Image CC license by cayobo on Flickr
Xmas Palm Tree Maintenance and Care
Whether you grow your Christmas palm indoors in containers or outdoors, these hardy trees take care of themselves without much interference from you. As low-maintenance trees, they don’t make a fuss and grow happy and swaying in the breeze without a care in the world.
That said, Christmas palm trees are not entirely problem-free. For one thing, the berry-like fruits they produce every year tend to fall under the tree and make a big mess. Even outdoors, having a pile of ripe fruits on the ground is an open invitation for bugs, foraging animals, and other undesirable critters to invade your garden. Here are some other issues you might encounter while caring for the Manila Palm.
That problem with the messy fruit is closely related to pruning. To be fair, the Christmas palm doesn’t need much pruning. When a leaf dies, it falls off the trunk leaving a little scar. This self-cleaning feature makes caring for the tree such an easy job.
To avoid the issue of having to clean the fallen fruits from under the tree, many gardeners cut off the flower stalks when they appear during the summer. This stops the fruits from growing on the tree altogether.
One of the reasons many gardeners like the Christmas palm is that it grows well in fairly poor soil such as the one found in South Florida. The tree hardly suffers from malnutrition, and only in extreme cases would it require a supplement of boron. Boron deficiency is a serious problem when it occurs. It affects the shape and colors of the leaves and also impacts the fruits.
When a Christmas palm has boron deficiency it will have irregular leave sizes. Some of the leaves remain unopened and might even grow sideways. Curiously, if one of your trees gets boron deficiency, it might have to do with competition with other trees and not a problem in the soil itself. Just move the ill tree to a new area so that it can get enough nutrition.
Another reason to love this tree is that it’s practically disease-free. Bugs and infections don’t target it and the tree lives a healthy life for the most part. However, one disease seems to afflict the Christmas palm. It’s called lethal yellowing and is caused by bacteria called phytoplasma. As the name implies, the disease leads to discoloration of the tree’s foliage and it’s also lethal.
If left without treatment, lethal yellowing causes the leaves to wilt and fall. Buds fail to grow and mature and eventually the tree itself dies. The best treatment for this disease is an injection of oxytetracycline antibiotic in the trunk of the tree.
Xmas Palm Tree Tips
From what we have covered so far, the Christmas palm is easy to plant, grow, and care for. For the most part, it’s disease-free, fuss-free, and is low-maintenance. So how do you get the most out of your tree and ensure it always stays healthy and bright? The following tips come in handy.

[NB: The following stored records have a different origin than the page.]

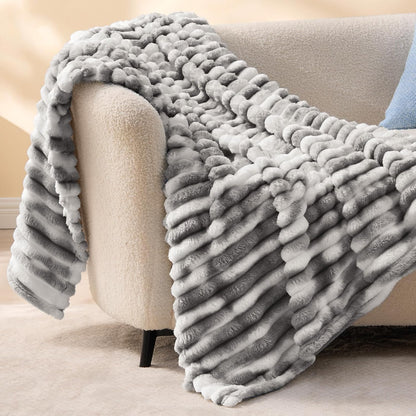 Textured Ribbed Fleece Throw Blanket – 300GSM Striped Plush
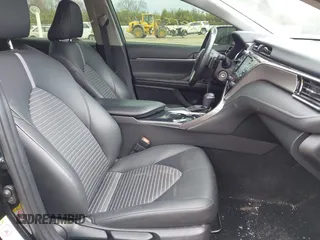 2018 Toyota Camry LE z VIN JTNB11HK6J3005121, wystawiony jako IAAI lot #42065784 z przebiegiem 114 907 mil mil oraz . Historia ofert i sprzedaży dostępna na DreamBid. Obrazek 5.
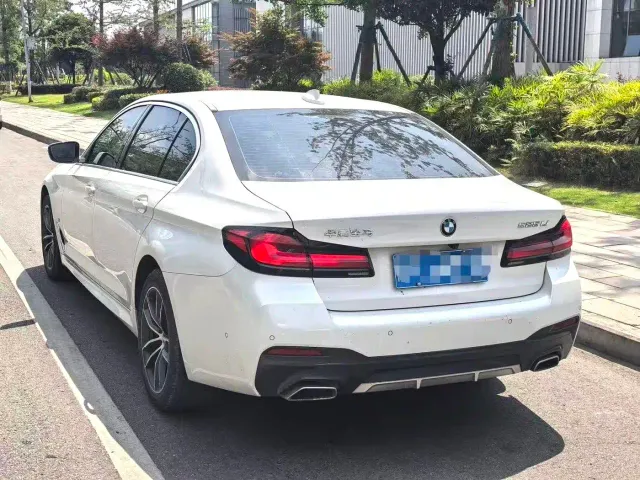 BMW 5 Series — Фото автомобиля 4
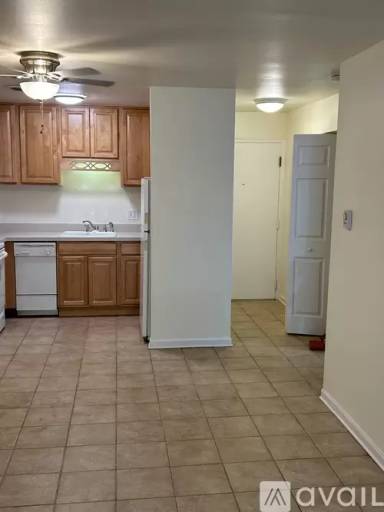 Main picture of 310 Lathrop Ave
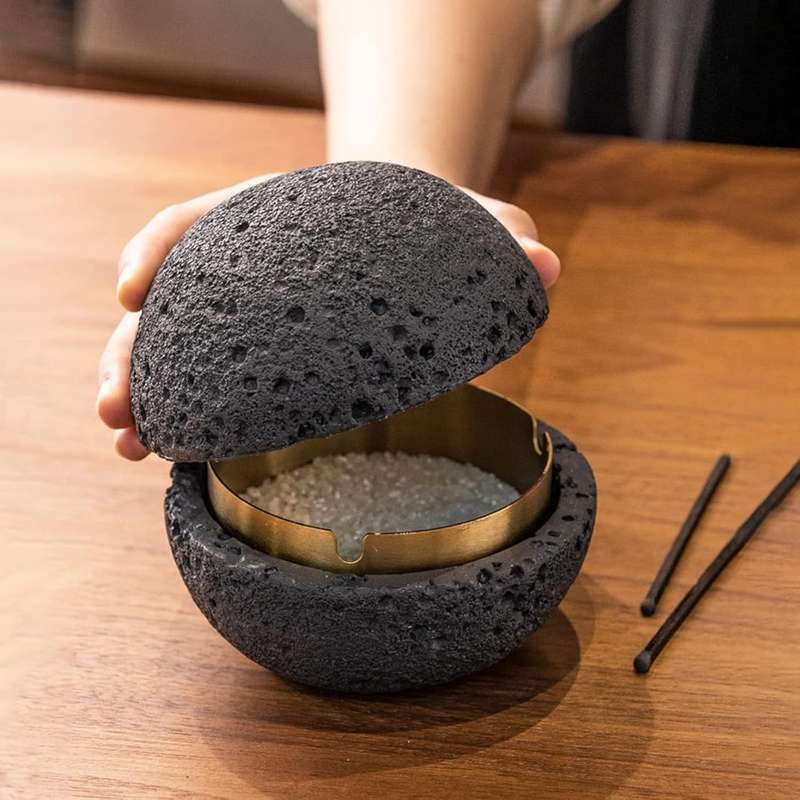 1pc Moon-Shaped Windproof Ashtray with Lid C Stylish Concrete Stainless Steel Design Golden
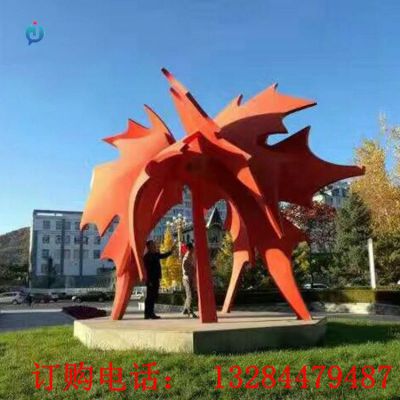 大型不锈钢枫叶雕塑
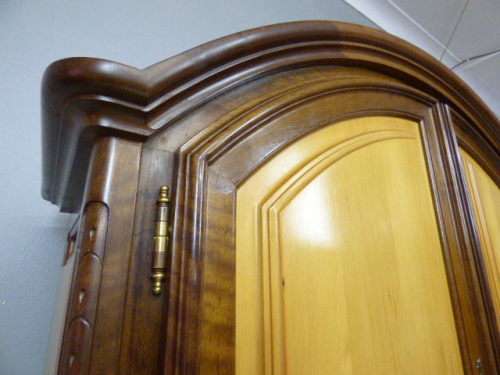 An exquisite large solid yellow wood & Imbuia Abbatant (Secretaire) cabinet, stylish & classy!!!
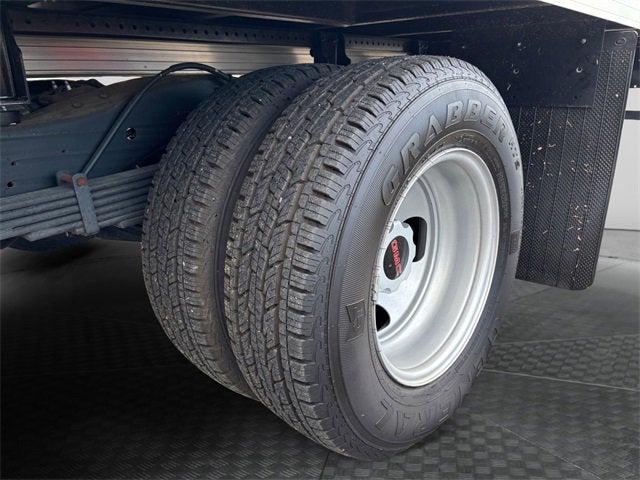 2023 GMC Savana Cutaway 3500 1WT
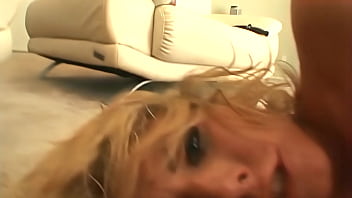 Isabel Ice And Velicity Von Get Ass Fucked In Super Kinky Threesome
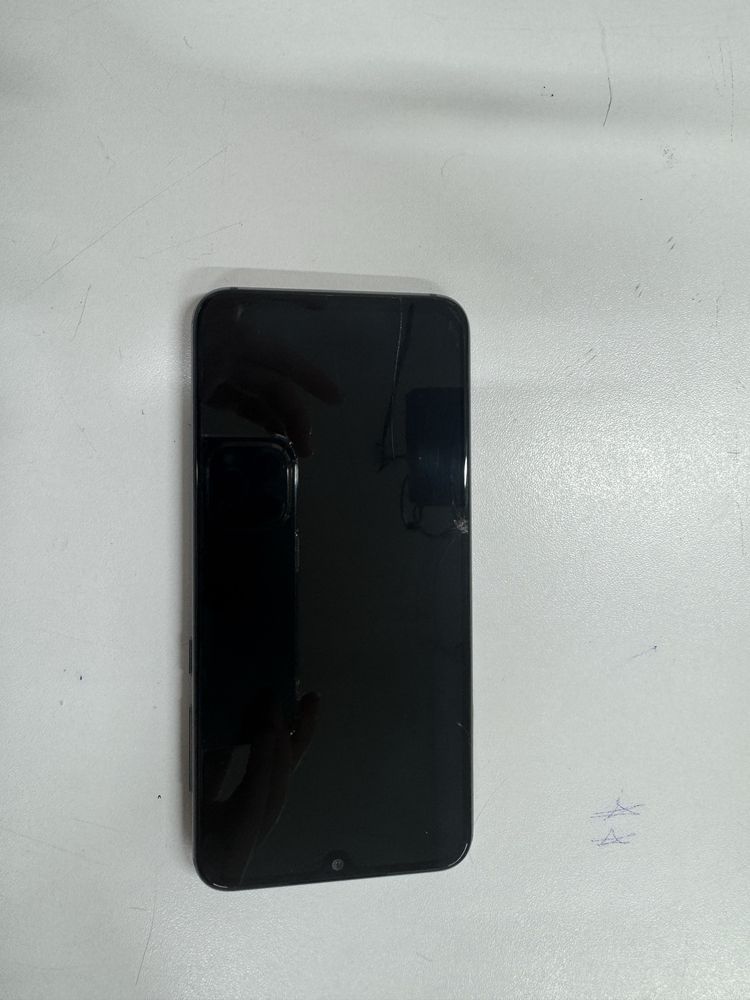Продам телефон Mi 9 SE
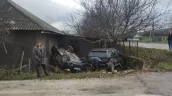 Accident violent la Orhei: Un rănit și o mașină răsturnată după o depășire interzisă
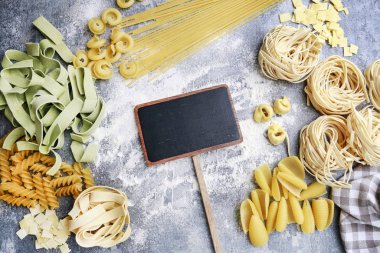 İtalyan p karışık türleri ve şekilleri arasında boş tahta etiket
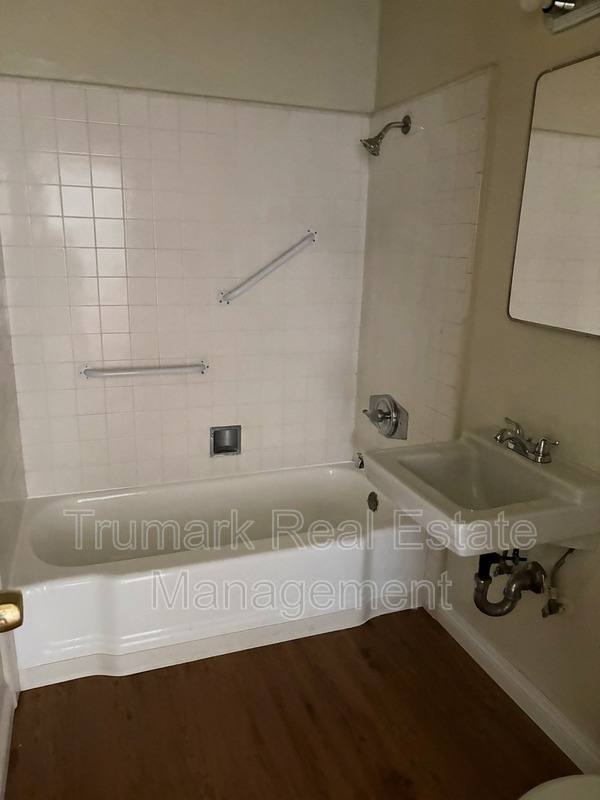 Apartment for rent at 3830 Orangedale Ave #3, Montrose, CA 91020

- Move the tree inside if the temperature goes below 40 degrees Fahrenheit. Even though it can handle temperature as low as 30 degrees, exposure to this cold weather for too long has a negative impact on the tree’s health and growth.
- Clean the tree regularly and spray its fronds with lukewarm water. The leaves attract dust which makes it fertile ground for mites and other insects.
- Cut off the flower stalks if you don’t like messy fruits dropping under the tree.
- Check the tree for spider mites and scale insects. They build webs and nests between the leaves, especially in the winter.
- It is recommended that you repot the Christmas palm every few years. As the tree’s root ball grows large, it needs a larger container to facilitate its growth.
- Use a sturdy and heavy container to handle the top-heavy tree.
- The best time to repot the Christmas palm tree is in the spring before the bloom season.